Gabriella Szabó

Personal information
- Nationality: Hungarian
- Born: 14 August 1986 (age 40) Budapest, Hungary

Sport
- Sport: Canoe sprint
- Club: KSI (1997–2006) Dunaferr SE (2006–2008) Bp. Honvéd (2008–)
- Coached by: Ferenc Csipes

Medal record
| Event | 1st | 2nd | 3rd |
| Olympic Games | 3 | 1 | 0 |
| World Championships | 9 | 1 | 1 |
| European Championships | 3 | 2 | 0 |
| European Games | 0 | 0 | 0 |
| Total | 15 | 4 | 1 |
Olympic Games
| Gold medal – first place | 2012 London | K-4 500 m |
| Gold medal – first place | 2016 Rio de Janeiro | K-2 500 m |
| Gold medal – first place | 2016 Rio de Janeiro | K-4 500 m |
| Silver medal – second place | 2008 Beijing | K-4 500 m |
World Championships
| Gold medal – first place | 2009 Dartmouth | K-2 500 m |
| Gold medal – first place | 2010 Poznań | K-2 500 m |
| Gold medal – first place | 2010 Poznań | K-2 1000 m |
| Gold medal – first place | 2011 Szeged | K-4 500 m |
| Gold medal – first place | 2013 Duisburg | K-2 1000 m |
| Gold medal – first place | 2013 Duisburg | K-4 500 m |
| Gold medal – first place | 2014 Moscow | K-2 500 m |
| Gold medal – first place | 2014 Moscow | K-4 500 m |
| Gold medal – first place | 2015 Milan | K-2 500 m |
| Silver medal – second place | 2015 Milan | K-4 500 m |
| Bronze medal – third place | 2007 Duisburg | K-2 1000 m |
European Championships
| Gold medal – first place | 2011 Belgrade | K-2 1000 m |
| Gold medal – first place | 2014 Brandenburg | K-2 500 m |
| Gold medal – first place | 2014 Brandenburg | K-4 500 m |
| Silver medal – second place | 2011 Belgrade | K-4 500 m |
| Silver medal – second place | 2012 Zagreb | K-4 500 m |

= Gabriella Szabó =

Romanian canoeist (born 1986)

Gabriella Szabó (born 14 August 1986) is a Hungarian sprint canoer who has competed since the late 2000s.

==Career==
She won the silver medal in the K-4 500 m event at the 2008 Summer Olympics in Beijing.
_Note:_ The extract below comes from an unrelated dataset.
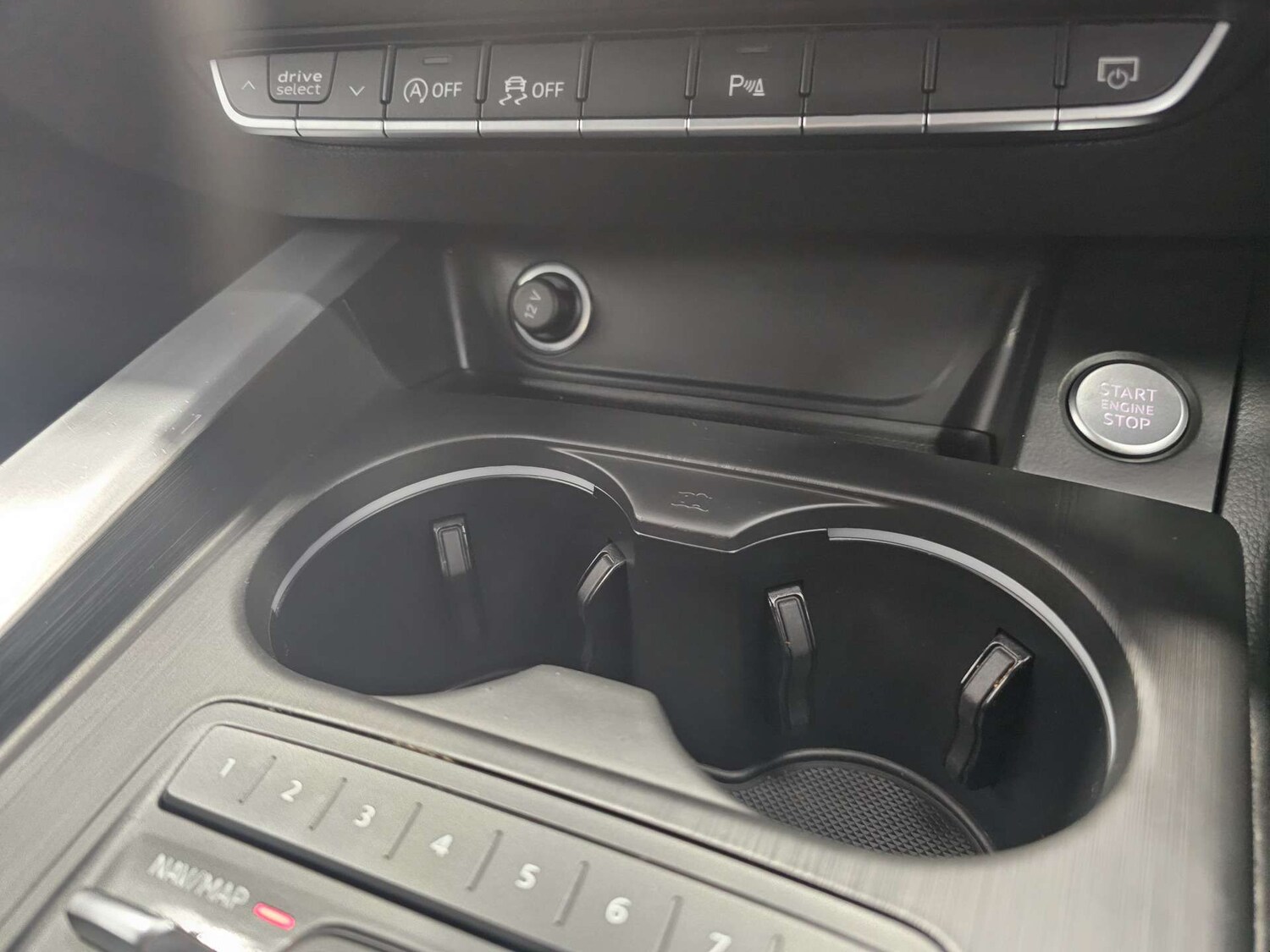 Used Audi A4 2016 for sale - 77420175: Photo 52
Szabó also won five medals at the ICF Canoe Sprint World Championships with four golds (K-2 500 m: 2009, 2010; K-2 1000 m: 2010; K-4 500 m: 2011) and a bronze (K-2 1000 m: 2007).

Szabó also won a gold medal at the London Olympics in the Kayak Four (K4) 500m team event with Danuta Kozák, Katalin Kovács and Krisztina Fazekas for Hungary

In June 2015, she competed in the inaugural European Games, for Hungary in canoe sprint, more specifically, Women's K-4 500m with Anna Kárász, Danuta Kozák, and Ninetta Vad. She earned a gold medal.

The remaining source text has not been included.